Work on chapter 3 has also shown me strongly that I need a new chapter between the current chapter 4 and chapter 5. Another new character arrives in Evan’s life at the end of chapter 3, and I’ve realized that my original questions years ago about whether or not I needed to give that new character more time with Evan before they return to Vienna were spot on. Right now, this novel has 22 chapters, and I haven’t done a word count because I thought that would be silly for a first draft that will probably change a lot during the revision process. So far, adding the chapter between chapters 4 and 5 is the only place I feel the need for another chapter. It is related to chapter 3, so what I put in chapter 3 now will move forward in a new chapter 5.

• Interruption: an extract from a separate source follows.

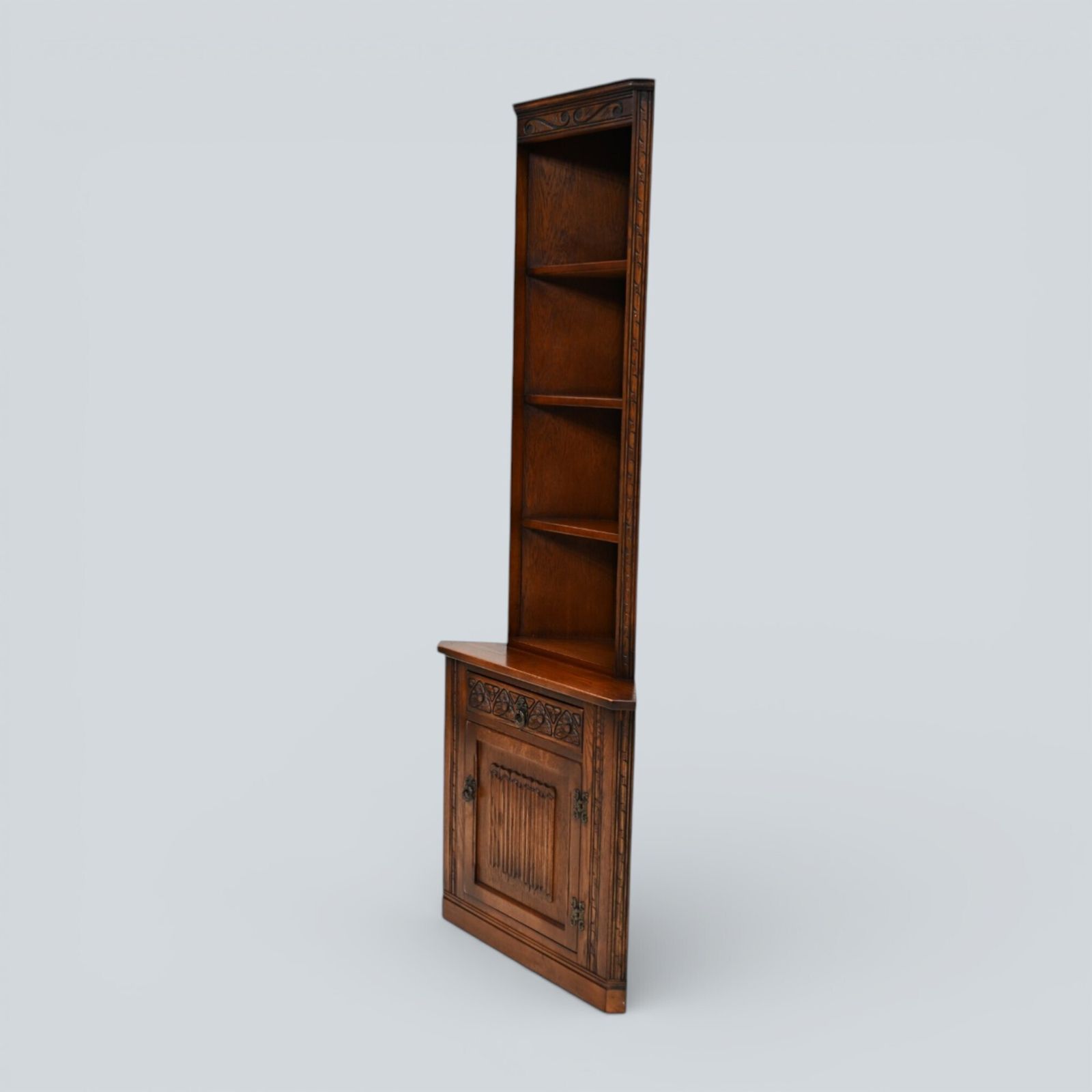 Old Charm Tall Corner Unit With Cupboard And Shelves Carvings Free Uk Delivery photo furniture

At this point, I haven’t done any editing on the computer. All my work has been handwritten on a hard copy I printed out before. Another decision I need to make: when will I begin adding the editing/changes/new material I’m doing by hand to the document files on my computer? That process also takes time, and it’s been my experience that it can also spark additional revisions as I’m working on the computer. The new chapter between the current chapters 4 and 5 I’ll probably write on the computer, as I wrote the entire first draft.

I’m pleased with the work so far. It’s been abundantly clear also that my mind and imagination were quite ready to do it now. I can feel the thoughts just under the surface of my mind focused on Evan and this novel. Lots of that tingly feeling when I know physically that what I’m doing is absolutely right. I just wish I had more time!